Y es que, aunque la diferencia pudiese parecer sólo terminológica, en realidad no lo es tanto en ese estricto sentido, pues si bien es cierto que en uno y otro caso las oposiciones son constantes, palpables, sistemáticas (haciéndolas proliferar, además, en la agenda pública y de los medios de comunicación), los propósitos perseguidos y los sentidos inscritos en uno y otro, en las propias referencias, no son las mismas. Así pues, mientras que Trump (a pesar de sus fallidos intentos por desdecirse) busca construir otredades a las que se debe eliminar, excluir o recluir para purificar, limpiar y salvaguardar la constitución propia del cuerpo social, la nación y el Estado (en ello se aproxima mucho a los rasgos distintivos del discurso nacionalsocialista, aunque las diferencias entre éste y el supremacismo blanco aún son fundamentales para no homologar fenómenos históricos concretos); en el caso de López Obrador, lo que se pone en juego es el reconocimiento, precisamente, de que las formas y los contenidos del ejercicio de la política no son neutrales.
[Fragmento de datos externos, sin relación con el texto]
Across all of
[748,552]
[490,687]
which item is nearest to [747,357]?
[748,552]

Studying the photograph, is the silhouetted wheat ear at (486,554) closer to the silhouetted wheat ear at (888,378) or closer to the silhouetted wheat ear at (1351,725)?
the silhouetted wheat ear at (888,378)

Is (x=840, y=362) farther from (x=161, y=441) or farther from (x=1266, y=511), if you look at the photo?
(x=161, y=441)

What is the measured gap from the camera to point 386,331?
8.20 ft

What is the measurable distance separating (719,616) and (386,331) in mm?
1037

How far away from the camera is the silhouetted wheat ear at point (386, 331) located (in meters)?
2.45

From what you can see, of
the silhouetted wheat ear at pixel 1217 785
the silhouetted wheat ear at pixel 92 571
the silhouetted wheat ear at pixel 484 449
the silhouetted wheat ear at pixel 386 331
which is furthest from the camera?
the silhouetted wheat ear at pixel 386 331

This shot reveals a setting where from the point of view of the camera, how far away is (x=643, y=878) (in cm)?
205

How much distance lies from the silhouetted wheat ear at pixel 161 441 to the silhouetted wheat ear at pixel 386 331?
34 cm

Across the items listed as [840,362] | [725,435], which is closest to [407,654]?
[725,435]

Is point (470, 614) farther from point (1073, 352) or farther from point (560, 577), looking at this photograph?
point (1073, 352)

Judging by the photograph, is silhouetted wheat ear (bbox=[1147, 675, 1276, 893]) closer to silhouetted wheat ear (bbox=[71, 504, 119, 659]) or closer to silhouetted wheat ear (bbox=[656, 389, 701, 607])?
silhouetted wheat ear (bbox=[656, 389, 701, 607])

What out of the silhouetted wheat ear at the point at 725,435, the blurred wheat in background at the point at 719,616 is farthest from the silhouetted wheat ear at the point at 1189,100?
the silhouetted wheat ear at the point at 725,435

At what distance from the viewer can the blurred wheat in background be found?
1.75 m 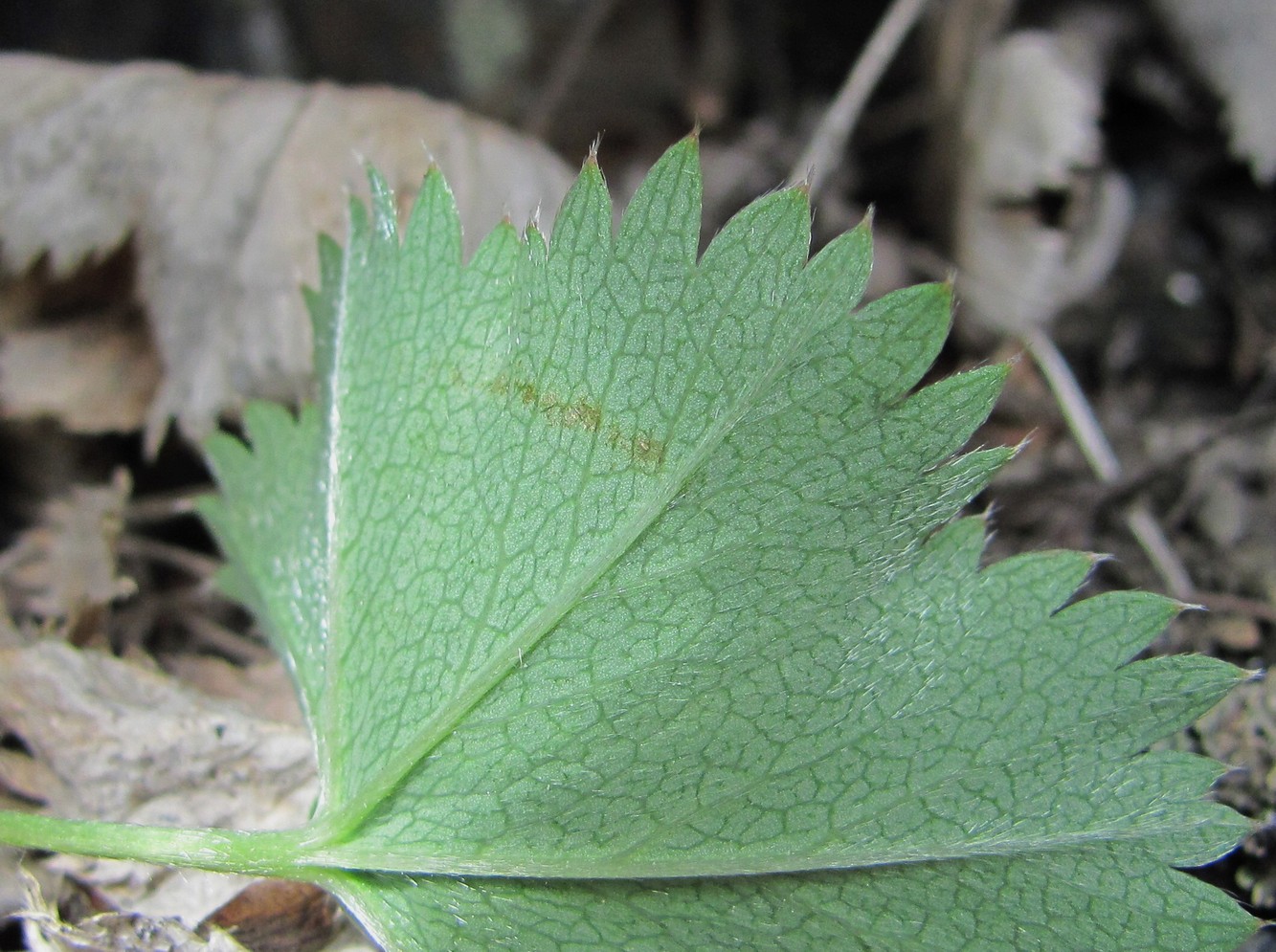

En particular, ese distanciamiento (que parece menor) no en baladí si se tiene en mente que el discurso por antonomasia del neoliberalismo es el de una supuesta neutralidad de la política y el mercado, ante los cuales, cualquier posible falla de una y otro deben ser corregidas por la vía de la pasividad, de la tolerancia y la queja pacífica. Por eso, quizá, no habría que dejar pasar de largo la oportunidad de señalar que si algo dejaron ver las reacciones en México ante la masacre en El Paso, eso fue la hipocresía del lenguaje neoliberal que, disfrazado de respeto al Estado de derecho, a las formas solemnes y cortesanas de la institucionalidad gubernamental, en realidad reproducen ideologías profundamente conservadoras sin ningún tipo de neutralidad axiológica, política e ideológica.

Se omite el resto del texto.